In the old days I had a small cycle computer that gave you a few key performance indicators about your ride as time of riding, distance covered, average and maximum speed. Today you can use an app on your smartphone and along the way have current figures displayed on your smartwatch.
As explained in the post American Exceptionalism in Data Management the first thing I do when installing an app is to change Fahrenheit to Celsius, date format to an useable one and in this context not at least miles to kilometers.
The cool thing is that the user interface on my smartwatch reports my usual speed in kilometer per hour as miles per hour making me 60 % faster than I used to be. So next year I will join Tour de France making Jens Voigt (aka Der Alte) look like a youngster.

Using such an app is also a good example of why we have big data today. The app tracks a lot of data as detailed route on map with x, y and z coordinates, split speed per kilometer and other useful stuff.
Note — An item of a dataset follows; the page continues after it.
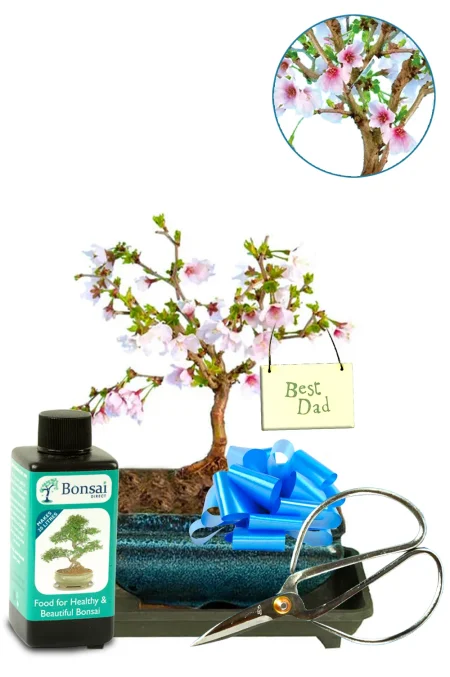 Cherry Blossom Bonsai Tree – The Perfect Gift for Dad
Analyzing these data tells me Tour de France maybe isn’t a good idea. After what I thought was 100 miles, but was 100 kilometers, my speed went from slow to grandpa.
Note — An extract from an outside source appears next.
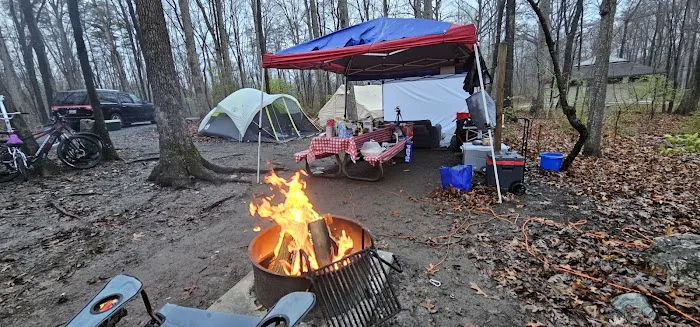 Little Bennett Campground Loop A Tent Area Picture 5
That’s a bit like IT projects by the way. Regardless of timeframe, they slows down in progress after 80 % of plan has been covered.
Ha! Although I call/treat myself more American than an Indian these days, I still sneak out and check the temperature in degree celcious before heading out in the morning. And definitely I can’t disagree with you about IT projects. 😀
Degrees Celsius or degrees Fahrenheit, 100 miles or even 100 kilometres. Either way it’s a big task or asking a lot which concatenated becomes a “big ask” as the Americans would say!